Madrid,
Hippolyte Taine said that painting, like the perception it reproduces, is hallucinatory by nature and that hallucination, however abnormal it may be considered, is the essence of our mental life. His statement can help us a lot to understand the surrealist postulates, and not only those that were put onto canvas, but also those that reached sculpture or cinema.
Within the framework of the activities with which the Círculo de Bellas Artes commemorates the centenary of the movement and its Manifesto, directed by André Breton, its Picasso room now hosts a very extensive exhibition that delves into the future (we cannot talk about evolution ) of Max Ernst’s art over seven decades and, above all, in his links with the big screen. The purpose implies an important challenge, because this German author was a painter, sculptor, engraver, draftsman, poeticist and theorist – above all a gamer who did not set limits to his experimentation – and because he was related to Dadaists and Surrealists, but a no small part of his production had a romantic aspect and another of his references was Renaissance humanism.
Comfortable with his image and his celebrity, he posed for numerous photographers (there are many snapshots in this anthology that show us creating, resting or playing chess with Dorothea Tanning) and he also participated as an actor in quite a few films and documentaries, although that Physical presence was not the only way in which he became involved – we will see – in the seventh art.
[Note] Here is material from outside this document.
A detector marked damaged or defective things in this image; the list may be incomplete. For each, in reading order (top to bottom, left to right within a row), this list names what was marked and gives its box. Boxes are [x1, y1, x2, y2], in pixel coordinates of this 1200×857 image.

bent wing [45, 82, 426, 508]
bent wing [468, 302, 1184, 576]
His very notion of creation already had a lot of scenography and fiction: the theatrical sets, the setting of his figures in fake settings or the use of wooden platforms refer to a consideration of representation that is very distant from naturalism, but also very close. to childhood, which is not directly present in his creations, but is present in spirit; Ernst was a fervent believer in the power of play.
Born in the industrial city of Brühl in 1891, he had already studied philosophy, art history, literature and psychiatry in Bonn, and was a good friend of Macke, before enlisting in the army in World War I. After his end he settled in Cologne, where he participated in a Dadaist movement already underway, creating unpublished collages that combined photography and woodcut, and in 1922 he would settle, although illegally, in France, where he was well received for the early surrealist features that he manifested. his work, in the form of a juxtaposition of distant realities that generated, it was said, sparks. Breton himself anticipated, already in the early twenties, Ernst’s close relationship with the cameras that would come later; assured him that he projects before our eyes the most captivating film in the world, without losing the grace of his smile. To achieve this, his sources would be, at first, Muybridge and Marey, pioneer photographers in capturing movement, and who at that time was considered almost a magician: Georges Méliès.
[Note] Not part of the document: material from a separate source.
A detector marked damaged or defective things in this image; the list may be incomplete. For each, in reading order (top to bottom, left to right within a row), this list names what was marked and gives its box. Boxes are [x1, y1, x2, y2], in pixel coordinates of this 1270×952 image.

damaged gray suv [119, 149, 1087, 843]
It would not take long for the artist to transfer to painting the principles he had applied to collage: an early example is found in the Círculo in Oedipus the King (1922), in which a nut and a pierced hand are unexpectedly large in relation to the house from which they protrude, without this implying a break in harmony. His first Dadaist forays seem to converge here with concerns typical of De Chirico and his metaphysical painting, with his knowledge of ancient Greek literature and contemporary psychoanalysis. The reference to perforation alludes to the liberation of the gaze to address inner worlds and would be the basis of the famous sequence of the cut eye of An Andalusian dogseven years after that work; and that is not the only element in Buñuel and Dalí’s film that will refer to Max Ernst. Speaking of Dalí, this Christmas the Círculo will exhibit at its Fernando de Rojas Theater the original curtains he designed for his first paranoid ballet, called Bacchanale.
One of Ernst’s most attractive compositions among his arrivals in Madrid is dedicated, precisely, to his friends: we can say that Au rendez-vous of friends combines the portrait with the manifesto; Furthermore, dated 1922, it already captures all the figures that would shape surrealism a couple of years later, conveniently numbered so they can be identified. They also rub shoulders with artists of the past, in an image close to collage in form and allegory in content: we are referring to Rafael Sanzio and Dostoevsky; and are accompanied by alchemical or astral symbols. Contemporary sources and authors make up here, therefore, an inspired and inspiring collective.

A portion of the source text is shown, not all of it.